◆ WORK REQUIRED: Once you find the line with "1Pcs Neck Roller" in the entries below, return exactly every line from it through the line with "2026 RAM Ram".

◆ DATA UNDER STUDY:

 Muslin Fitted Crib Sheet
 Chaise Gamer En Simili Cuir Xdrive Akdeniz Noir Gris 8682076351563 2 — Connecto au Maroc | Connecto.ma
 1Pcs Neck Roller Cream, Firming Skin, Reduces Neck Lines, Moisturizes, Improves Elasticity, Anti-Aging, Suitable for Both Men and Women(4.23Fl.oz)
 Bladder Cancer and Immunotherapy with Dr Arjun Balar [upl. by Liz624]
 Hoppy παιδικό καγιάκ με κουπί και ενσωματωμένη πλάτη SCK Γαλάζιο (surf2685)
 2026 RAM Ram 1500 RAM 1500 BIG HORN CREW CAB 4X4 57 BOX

--

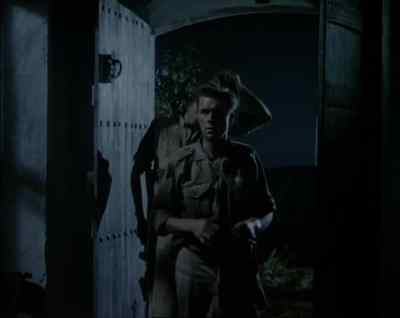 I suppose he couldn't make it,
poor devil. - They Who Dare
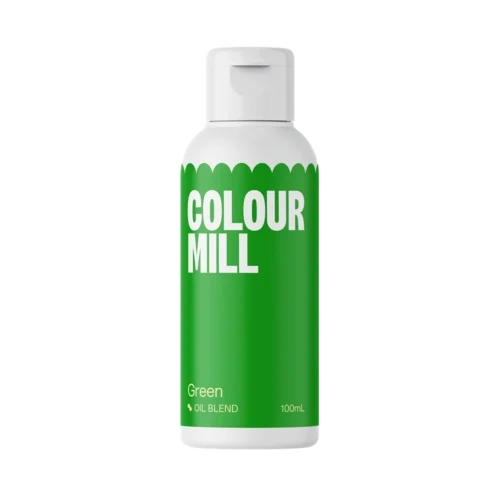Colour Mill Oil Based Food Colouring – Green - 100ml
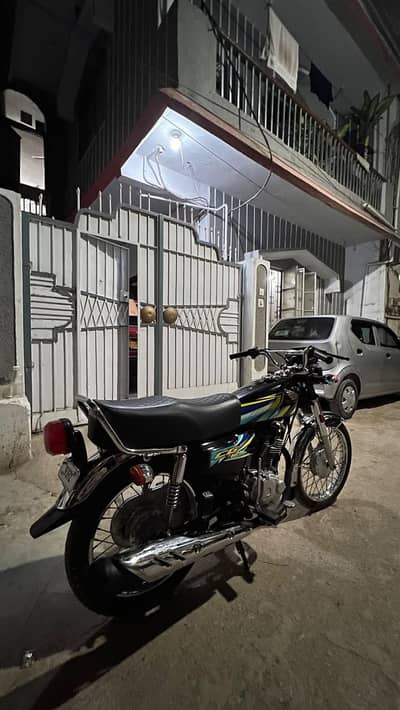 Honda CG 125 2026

◆ SOLUTION:
 1Pcs Neck Roller Cream, Firming Skin, Reduces Neck Lines, Moisturizes, Improves Elasticity, Anti-Aging, Suitable for Both Men and Women(4.23Fl.oz)
 Bladder Cancer and Immunotherapy with Dr Arjun Balar [upl. by Liz624]
 Hoppy παιδικό καγιάκ με κουπί και ενσωματωμένη πλάτη SCK Γαλάζιο (surf2685)
 2026 RAM Ram 1500 RAM 1500 BIG HORN CREW CAB 4X4 57 BOX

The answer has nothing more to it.